Friday, April 2, 2010

Connected

It’s a bright, sunny and warming (to 11 C) morning, in contrast with the rain and cold of yesterday afternoon. May it continue. I intend take the bike and ride down the bike path to the Altstadt, perhaps to see something of the commemoration of the day in the platz in front of the Dom.

Just a few minutes after my husband left this morning, the doorbell rang for the first time since we’ve been in the flat. I had just started to sort the laundry to use in the new washing machine and, in fact, was still in my dressing gown and more disheveled than usual.

I was confused when I opened the door to an unfamiliar young woman, not older than 25, I’d say, wearing a jacket with a logo and three lime green boxes under her arm. Odd. I wasn't expecting any packages.

As always – it happens afresh with each encounter – I was disconcerted when she addressed me in German. Isolated as I am in the flat all day, moving in my narrowly defined world, continuing to relate to it in English through books and magazines, the internet and in conversations with Himself, it is disorienting to be confronted again with the reality of a German-speaking world just beyond our door.
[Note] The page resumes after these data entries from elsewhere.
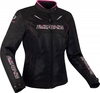Bering Volga,  textile jacket waterproof women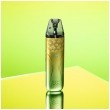 POD OXVA NeXLIM 2 Mini
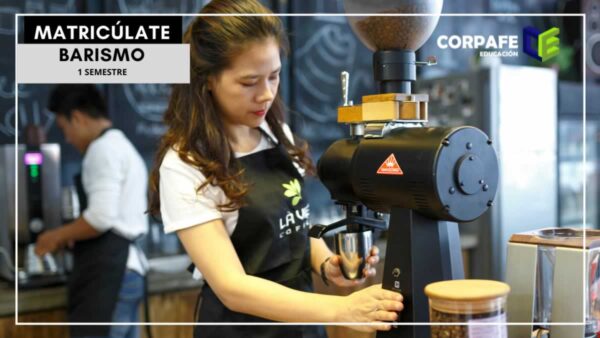 barismo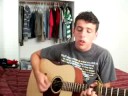 9 Crimes- Damien Rice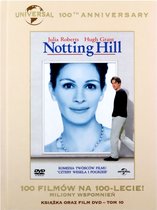 Notting Hill [DVD]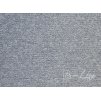 Všívaný smyčkový koberec - Extreme 74 / šíře 4 m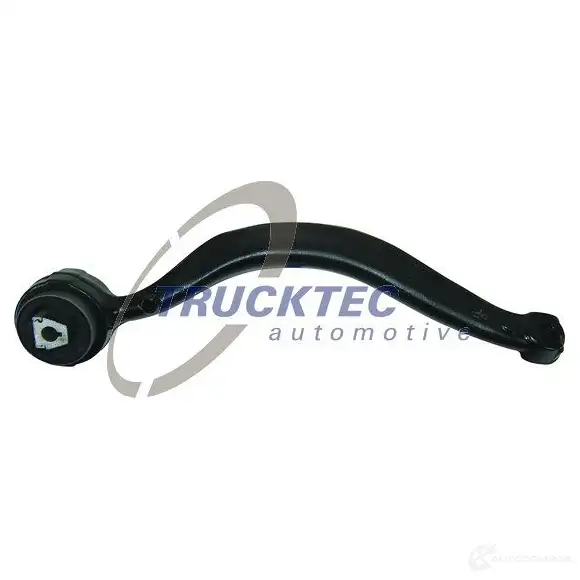 Рычаг TRUCKTEC AUTOMOTIVE 0831057 1842177 7S XVW2 изображение 0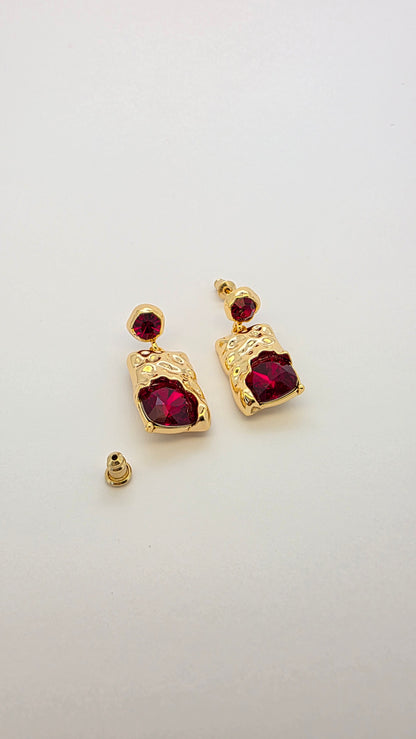 Aro Swarovski Polonia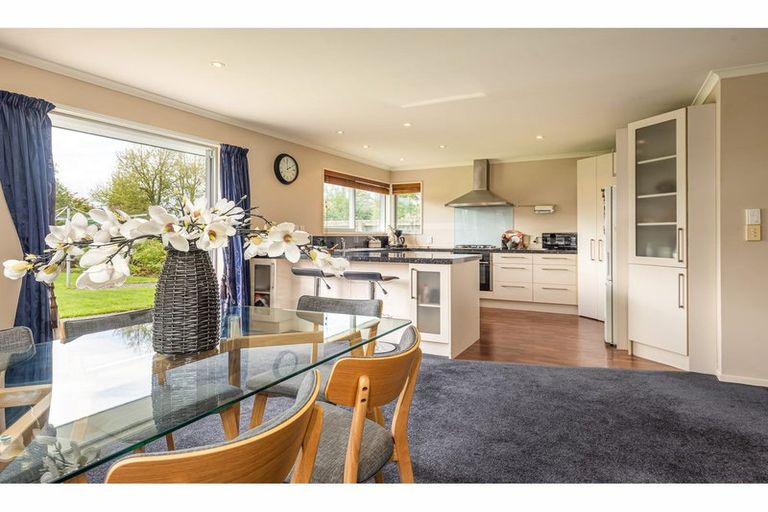 Photo of property in 4 Keyes Mews, Rolleston, 7614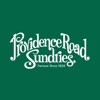 Providence Road Sundries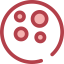 Moon icon 64x64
In the stream of German I caught at last our surname and the penny dropped. She was from Telekom Austria and the boxes contained our new landline phone and broadband modem. At last, after only a week, we would be connected. We had been told it would be two weeks. (When we moved to Ireland, we waited three months for a landline; broadband took many months more.)

The young woman, with very short breached-blonde hair and capable working hands, was disconcerted as well, her English being not particularly fluent. And we needed to have a conversation. Where were the phone outlets? Did we want the phone and the internet connected in the same room? And more.

I found my mobile and dialed my husband’s Blackberry. When I held it out to her, she reeled back just slightly, her look saying, ‘Don’t do this to me!’ However, she took the phone. The first thing she said into the phone was, ‘Do you speak German?’ and it turns out that Rosetta Stone is paying off. Soon they were conversing auf Deutsch, and we were on our way. (He tells me now that he handed his phone over to the German-speaker he was meeting with, so it was a three-way conversation.)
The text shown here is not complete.